Validation of CTSB expression

The Genomic Data Commons/The Cancer Genome Atlas-Stomach Adenocarcinoma (GDC/TCGA-STAD) transcriptome data was downloaded from the Xena website (https://xena.ucsc.edu). This dataset included 373 gastric cancer tissues and 32 normal gastric tissues samples. Then, the data analyzed and processed using R software (version 4.3.0) with the tidyverse and limma packages. The FPKM expression levels of CTSB in both gastric cancer and normal gastric tissues were extracted. The data was then imported into GraphPad Prism 9.0 for visualization. Additionally, the expression of CTSB was validated using the GSE19826 dataset, and a P value of <0.05 indicated statistical significance.

Survival analysis of CTSB in gastric cancer

In this study, the survival analysis of CTSB in gastric cancer was conducted utilizing the Kaplan-Meier plotter (http://kmplot.com/analysis).

Gene set enrichment analysis (GSEA)

Based on the RNA-seq data from the TCGA database, gene enrichment analysis was performed on CTSB using GSEA. GO terms were utilized in the GSEA analysis to explore the potential biological functions of CTSB in gastric cancer. The value of P<0.05 was considered statistically significant.

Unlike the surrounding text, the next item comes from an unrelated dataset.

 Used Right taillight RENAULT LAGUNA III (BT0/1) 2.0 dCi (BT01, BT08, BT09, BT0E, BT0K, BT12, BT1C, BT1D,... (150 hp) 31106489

Tumor immune estimation database

TISIDB (http://cis.hku.hk/TISIDB/index.php) integrated diverse data, acting as a platform for investigating the correlation between CTSB and Spearman immune regulator’s expression, thus yielding insights into interactions within the tumor-immune system (14). TIMER (http://cistrome.shinyapps.io/timer/) reliably assessed immune infiltration levels and helped uncover the associations between immune infiltration, gene expression, mutations, and survival features in TCGA cohorts. In summary, the TIMER web server provided comprehensive analysis and visualization of tumor-infiltrating immune cells (15).

Statistical analyses

All statistical analyses were performed using R software and GraphPad Prism 9.0. The differential expression levels of CTSB in tumor versus normal samples were evaluated through a non-paired t-test.


Results

Identification of relevant DEGs in the GEO database

The filtering criteria were as follows: |log2FC| >0.5 and P<0.05. In 111 gastric cancer and 21 non-cancer tissues from the GSE54129 dataset, 2,761 downregulated DEGs and 2,724 upregulated DEGs were identified (Figure 1A). In addition, from the GSE79973 dataset, 1,689 downregulated DEGs and 2,130 upregulated DEGs were identified in 10 normal gastric and 10 gastric cancer samples (Figure 1B). Next, to illustrate the overlap of autophagy-related DEGs across both datasets, a Venn diagram was constructed using the ggvenn package in R software (version 4.3.0). As depicted in Figure 1C,1D and Table 1, 15 autophagy-related DEGs were identified.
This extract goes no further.